Die Bundespräsidentenwahl gerät zur Farce. Erst wurde sie angefochten, nun muss die Wiederholung wohl verschoben werden. Österreich macht sich in der Welt lächerlich.

Kommentar von Cathrin Kahlweit

Noch ist es nicht entschieden, aber in Wien gibt niemand mehr dem 2. Oktober eine Chance. Die Stichwahl um das Amt des Bundespräsidenten von Österreich - im Mai abgehalten und angefochten, im Juli aufgehoben und neu angesetzt - wird wohl verschoben. Über einen Termin in etwa acht Wochen wird bereits diskutiert, das nötige Gesetz formuliert. Der zuletzt siegreiche Kandidat Alexander Van der Bellen, der an diesem Wochenende seinen Wahlkampf eröffnen wollte, hat den Auftritt abgesagt.

Es klingt unglaublich: Weil eine Maschine in einer Druckerei nicht funktionierte, wurden Hunderte oder vielleicht Tausende fehlerhafte Wahl-Unterlagen verschickt.
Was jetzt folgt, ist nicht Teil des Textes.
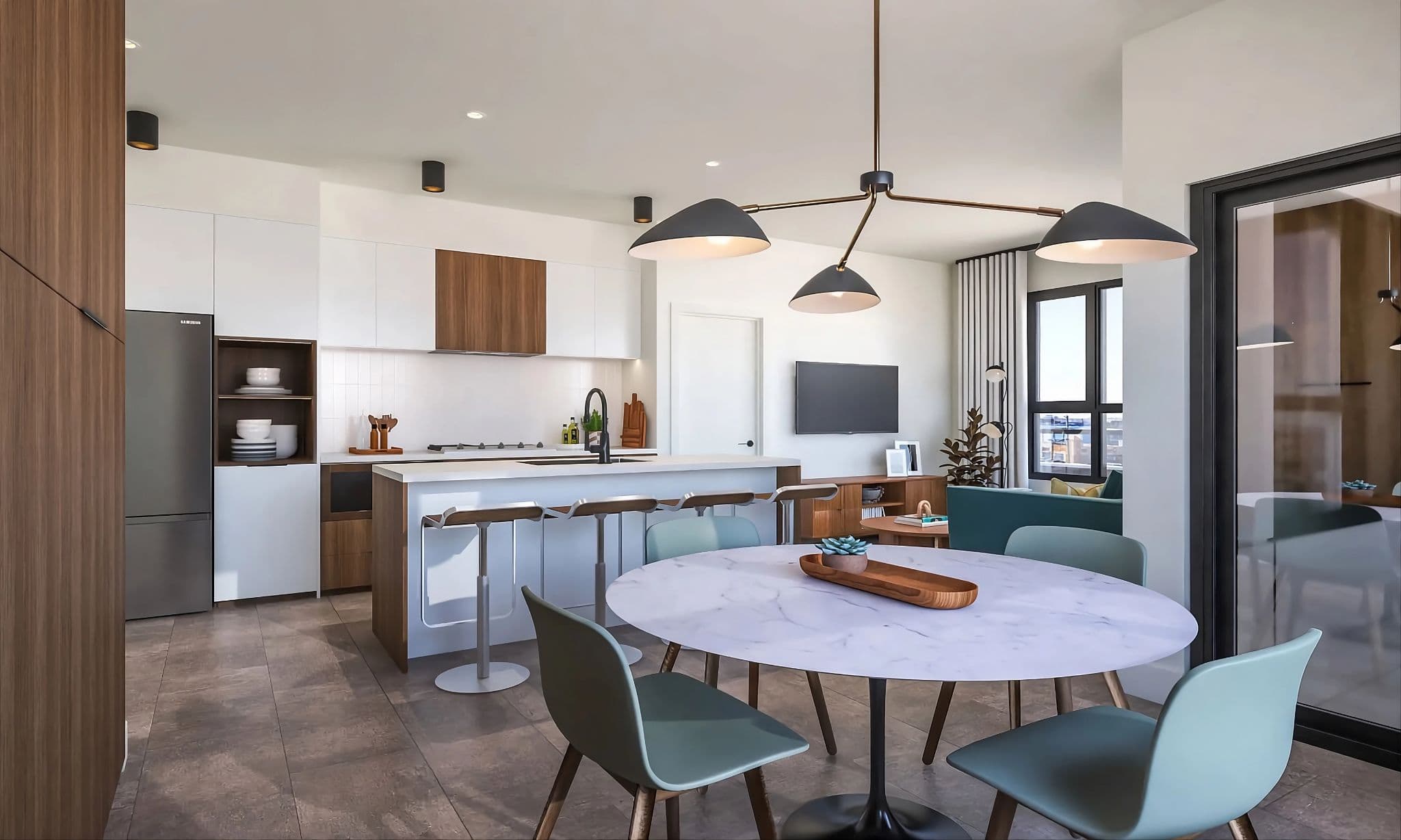 Aavand – A bright, open-concept kitchen and living area featuring a round marble-topped dining table with sage green chairs beneath a modern branched chandelier. The space flows into a contemporary kitchen with white and natural wood cabinetry, a waterfall island with barstools, and an adjacent living room bathed in natural light.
Würden diese zur Wahl benutzt, müssten sie beim Auszählen aussortiert werden.

Damit aber würde das Grundrecht unterlaufen, dass jede abgegebene Stimme auch zählt: ein neuer Anfechtungsgrund. Wer jetzt noch lachen kann, amüsiert sich über Uhu-Gate oder über Kommentare im Netz: "Ins Weltall fliegen - kein Problem. Wahlkarten drucken - unmöglich." Aber zum Lachen ist das nicht.
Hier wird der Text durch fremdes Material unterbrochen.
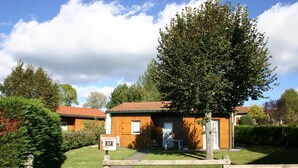 A wooden cabin with a red roof, surrounded by greenery and a wooden fence. - Chalet in Usson-en-Forez with fireplace, pets allowed and terrace (Usson-en-Forez)
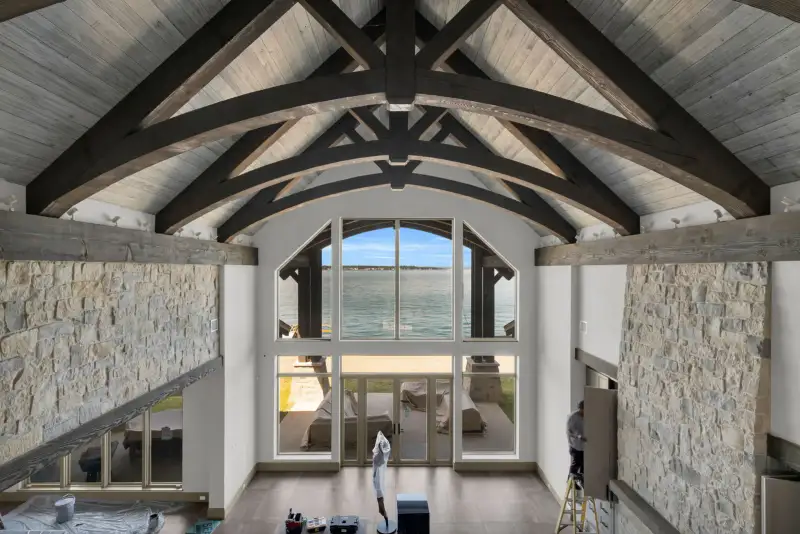 Two-story room with exposed timber trusses, tall windows, and a view of the water.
Entsetzlich, peinlich, traumatisch, Wahnsinn, es gibt kaum eine Negativ-Vokabel, die in Wien nicht hundertfach zu hören wäre dieser Tage, denn das Desaster will kein Ende nehmen. Schon die Anfechtung und Aufhebung der ersten Stichwahl hatten im In- und Ausland viel Kritik provoziert: Österreich sei eine Bananenrepublik, weil beim Auszählen geschlampt wurde.

Die FPÖ habe die Demokratie beschädigt, weil sie ihre knappe Niederlage nicht ertragen mochte und deshalb eine gültige Wahl in Zweifel zog. Das Verfassungsgericht sei übers Ziel hinausgeschossen und habe eine Wahl aufgehoben, wofür es laut Gesetz eigentlich nicht reicht, dass Manipulationen möglich waren. Sie müssen auch nachweisbar sein. Und: Die Richter seien Opfer der allgemeinen Stimmung im Land geworden.
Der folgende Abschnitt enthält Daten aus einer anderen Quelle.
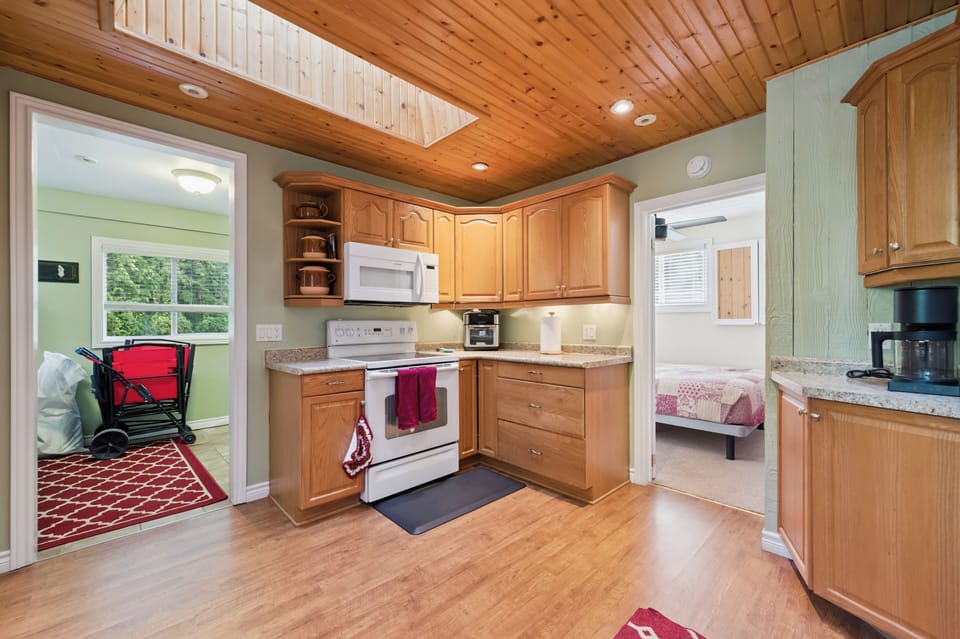 Fully equipped kitchen with plenty of counter space, perfect for cooking meals and snacks during your stay.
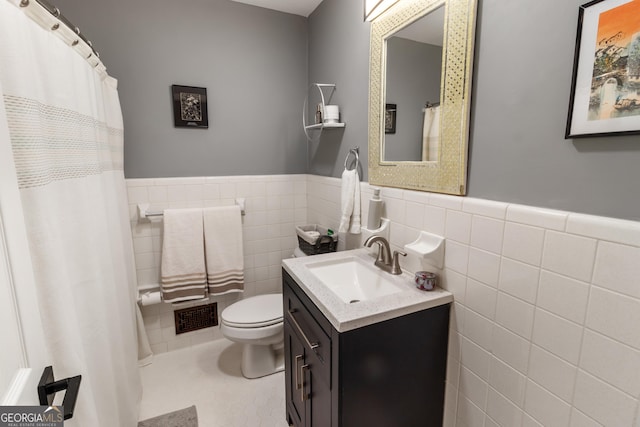 bathroom featuring tile patterned floors, visible vents, toilet, tile walls, and wainscoting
Und jetzt das. Anstatt umgehend eine umfassende, praktikable Reform des Briefwahlrechts wie der Wahlvorschriften anzugehen, hat das Innenministerium nur eine lange Liste neuer Regeln vorgelegt, die teils widersinnig, teils unklar, teils unrealistisch sind. Der Bundeswahlleiter hat sich angesichts des Wahlkarten-Chaos schulterzuckend auf die Position zurückgezogen, man könne die Stichwahl eh nicht verschieben.

Neue Liste von Regeln, die widersinnig, unklar und unrealistisch sind

Wie die Frage der defekten Wahlkarten zu heilen sei - dafür sei er nicht zuständig. Und der Innenminister, der sich so gern als scharfer Hund geriert, wenn es gegen Flüchtlinge geht? In den vergangenen Tagen, als immer mehr Wahlunterlagen auftauchten, die nicht benutzbar waren, hörte man aus dem Ministerium vor allem: Wir prüfen das. Danach war Schweigen.

Der eigentlich siegreiche Verlierer des Verfahrens, Alexander Van der Bellen, machte lange gute Miene zum bösen Spiel; der eigentlich unterlegene Sieger, Norbert Hofer, gab sich zum Wahlkampfauftakt demütig. Jetzt wird gewartet. Alles von vorn?

Den Parteien geht das Geld für immer neue Wahlkämpfe aus, das Image eines Österreichs, das erst einmal wählen lernen muss, verfestigt sich in der Welt, die Österreicher wenden sich kopfschüttelnd und angeekelt ab von einer politischen Elite, die nicht einmal in der Lage ist, eine kleine Direktwahl in einem kleinen Land für einen politisch wenig bedeutsamen Posten zu stemmen. Derweil lebt das Land ohne Präsidenten auch ganz gut.

Eines aber darf jetzt nicht geschehen: dass die FPÖ sich mit ihrem nächsten Projekt durchsetzt - der kompletten Abschaffung der Briefwahl. Das wäre vor allem im Interesse der Partei, die bei den Briefwählern regelmäßig hinten liegt: der FPÖ.